▸ TASK MATERIAL:
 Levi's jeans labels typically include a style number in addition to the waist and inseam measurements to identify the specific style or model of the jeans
---
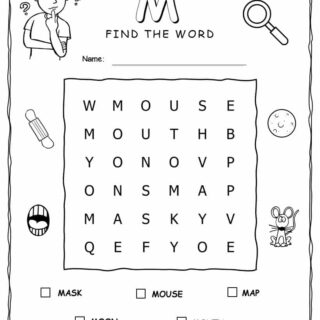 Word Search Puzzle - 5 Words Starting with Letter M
==
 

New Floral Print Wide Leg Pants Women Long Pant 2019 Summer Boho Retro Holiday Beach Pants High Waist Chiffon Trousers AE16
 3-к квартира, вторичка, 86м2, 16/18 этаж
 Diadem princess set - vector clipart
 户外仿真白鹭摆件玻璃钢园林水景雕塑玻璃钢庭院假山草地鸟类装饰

▸ TASK REQUIREMENTS: From the entries above, extract only the lines running from the one containing "New Floral Print" through the one containing "户外仿真白鹭摆件玻璃钢园林水景雕塑玻璃钢庭院假山草地鸟类装饰", inclusive.

▸ SOLVED PROBLEM:
New Floral Print Wide Leg Pants Women Long Pant 2019 Summer Boho Retro Holiday Beach Pants High Waist Chiffon Trousers AE16
 3-к квартира, вторичка, 86м2, 16/18 этаж
 Diadem princess set - vector clipart
 户外仿真白鹭摆件玻璃钢园林水景雕塑玻璃钢庭院假山草地鸟类装饰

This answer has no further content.